Your instructions ::
Exactly the lines from the line containing "د. سلمان الفرج banner" through the final line of the entries below must be returned, and only those, without pictures.

Image-caption web data
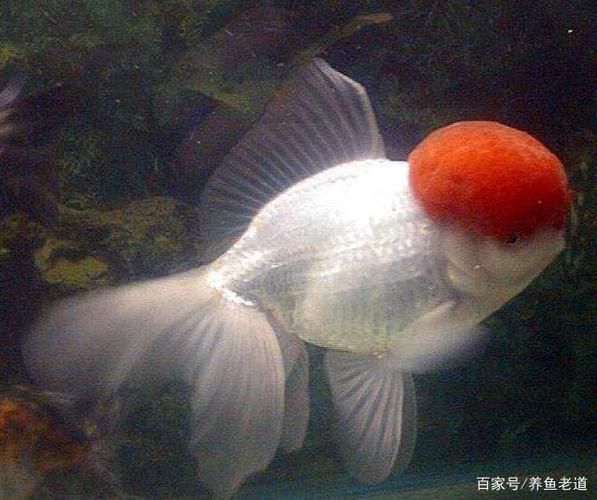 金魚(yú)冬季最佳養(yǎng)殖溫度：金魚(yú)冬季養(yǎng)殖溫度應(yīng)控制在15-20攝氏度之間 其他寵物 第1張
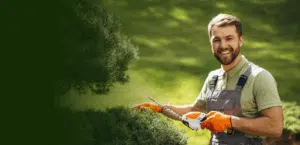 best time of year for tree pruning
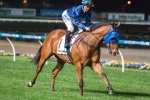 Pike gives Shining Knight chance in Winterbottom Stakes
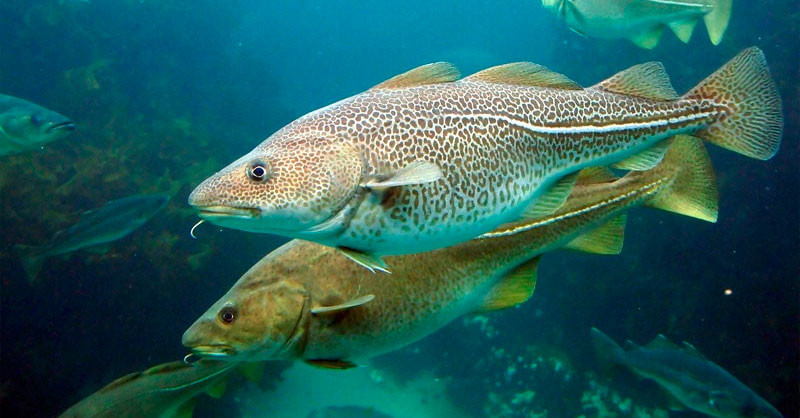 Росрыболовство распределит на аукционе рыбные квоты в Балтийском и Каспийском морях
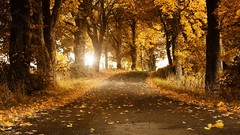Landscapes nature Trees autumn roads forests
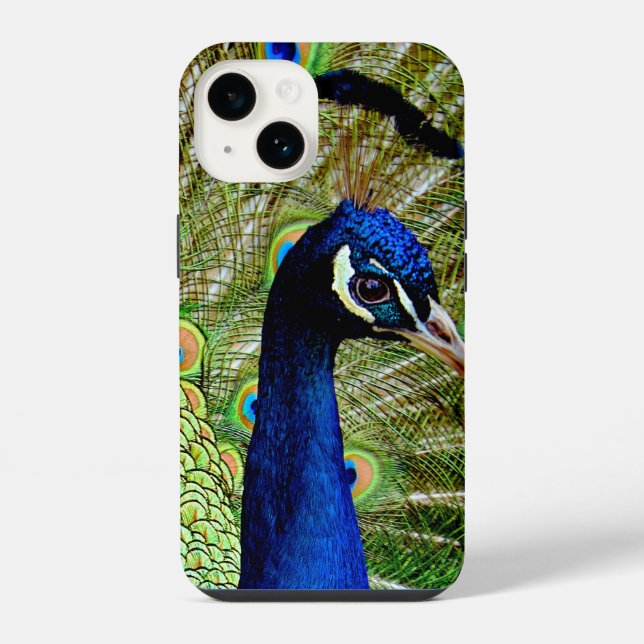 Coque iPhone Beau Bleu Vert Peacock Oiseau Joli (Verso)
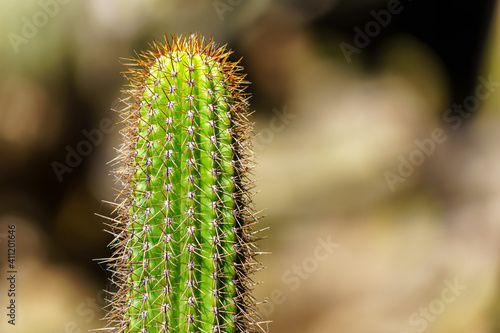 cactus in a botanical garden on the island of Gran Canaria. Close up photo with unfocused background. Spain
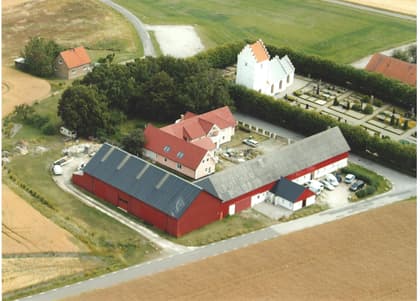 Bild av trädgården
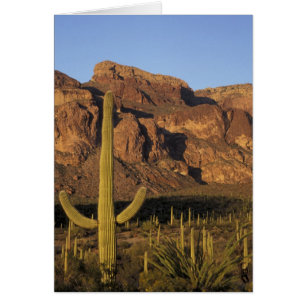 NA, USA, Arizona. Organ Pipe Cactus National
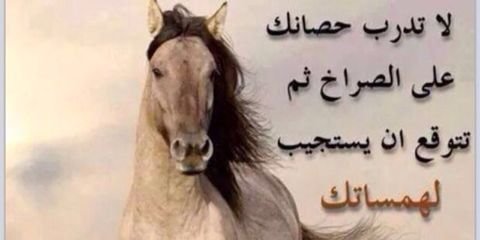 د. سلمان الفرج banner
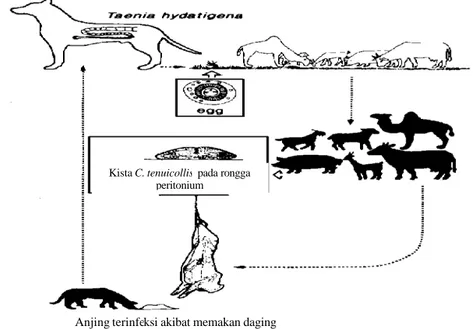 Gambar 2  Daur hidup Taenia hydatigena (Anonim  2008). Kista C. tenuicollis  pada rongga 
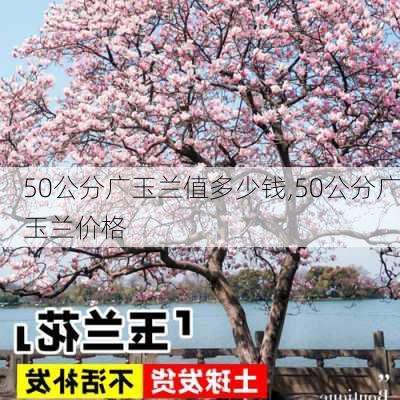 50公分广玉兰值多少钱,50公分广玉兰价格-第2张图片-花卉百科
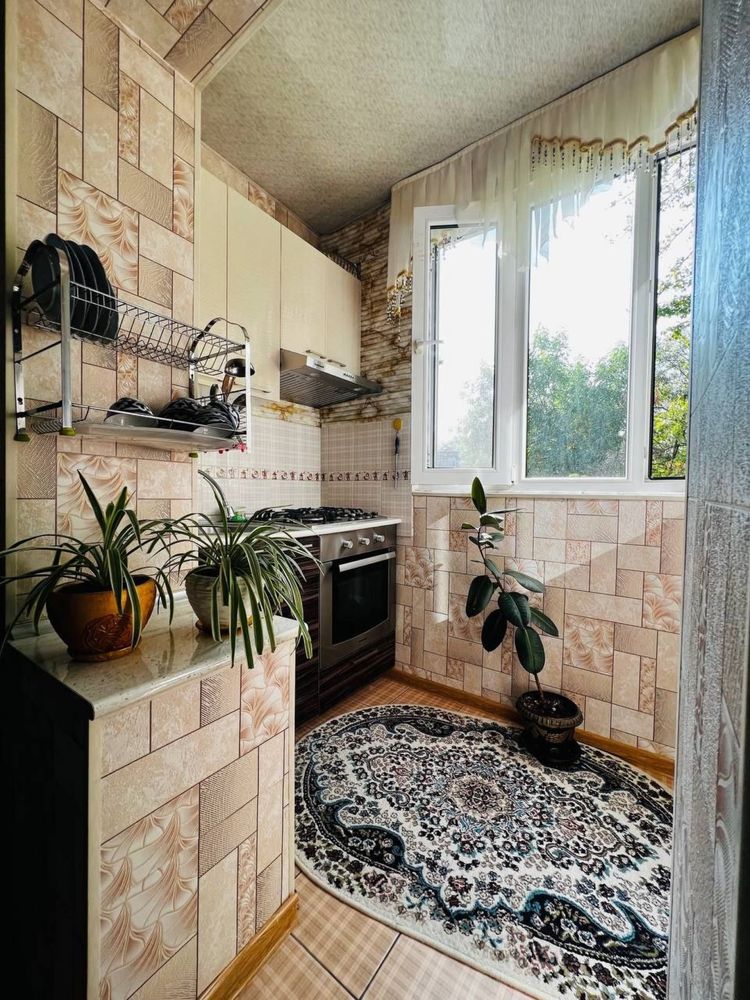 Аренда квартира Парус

Solution to the exercise ::
 د. سلمان الفرج banner
 Gambar 2  Daur hidup Taenia hydatigena (Anonim  2008). Kista C. tenuicollis  pada rongga 
 50公分广玉兰值多少钱,50公分广玉兰价格-第2张图片-花卉百科
 Аренда квартира Парус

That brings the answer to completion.